I spent the [Canadian invented holiday] weekend at a suburban wedding. I was an auxiliary guest, in the same way that Pluto is a planet: orbiting at a distance, and basically unknown. This provided me with opportunities for experimental socialization (interspersed with anthropological observation).
My results follow.
Accompanying a party of women to the bathroom DOES create social bonds, invoke a sense of companionship and belonging, and in all ways convince them to be friendly.
Dancing is more fun when you know the music and don't know the parents dancing nearby.
It is easier to socialize with happy people. It is difficult to socialize with pouting people. This remains true if "blow bubbles" replaces "socialize" in the previous statements.
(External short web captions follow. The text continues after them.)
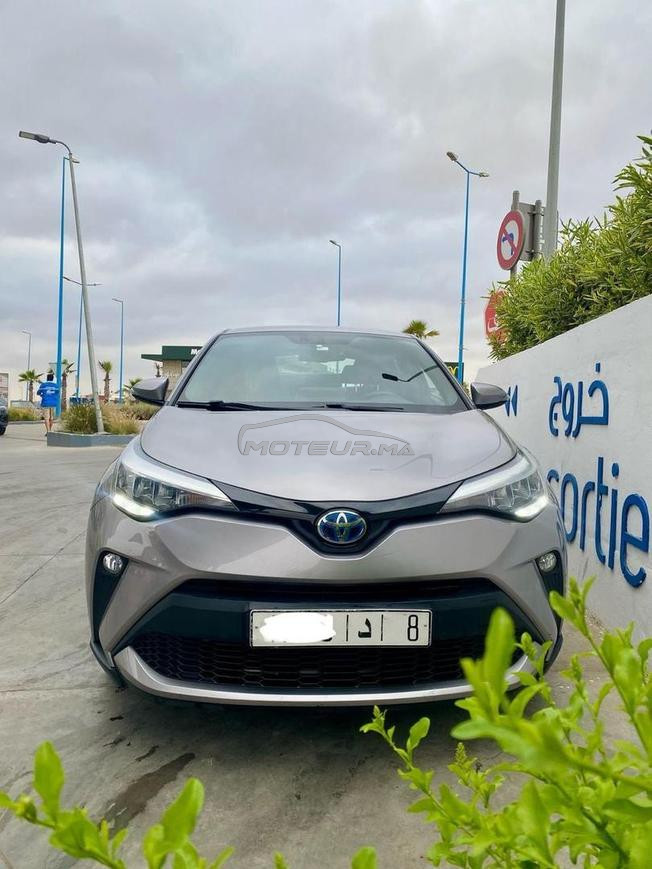 Toyota chr hybride 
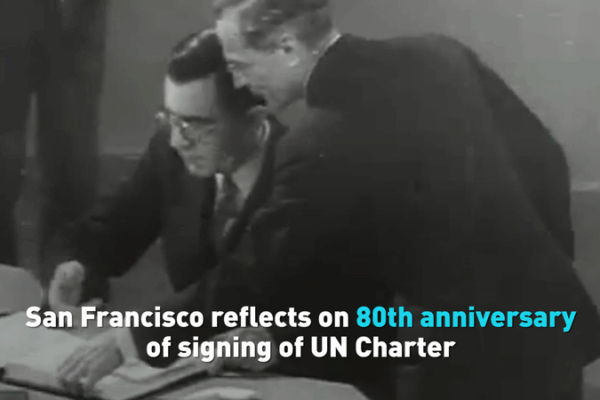 San Francisco’s Hidden Legacy: Celebrating 80 Years of the UN Charter 🌍✨ San Francisco’s Hidden Legacy: Celebrating 80 Years of the UN Charter 🌍✨ video poster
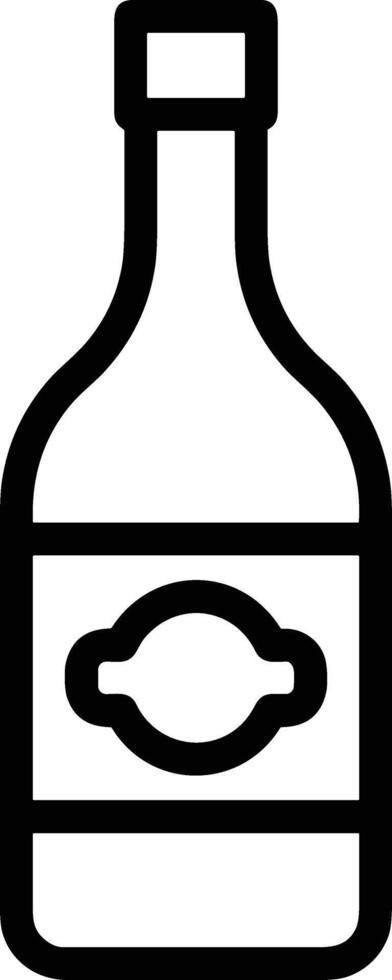 Bottle drink icon symbol image. Illustration of the drink water bottle glass design image vector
Rather than offer observations, which might be read in the wrong way, I will share with you my reflections on those observations. They are simple, and all along these lines: I have absolutely made the right life decisions so far. This was an interesting opportunity to observe people who made different life decisions (school/work/personal/etc.) and are happy with them. But I would not be happy with those choices for myself, even in the Best of All Possible Worlds. I am a person who belongs in graduate school, and if there were ever any doubt, that doubt is now dispelled.
Also, living in the suburbs is car-based living. I had forgotten how restrictive that is -- everyone has to go together, cars must be rationed, logistical problems must be solved. I quite enjoy the freedom of walkable and public-transport-able life in the city.
This post's theme word is Buridan's ass, "a situation demonstrating the impracticality of decision-making using pure reason, especially a situation involving two equal choices."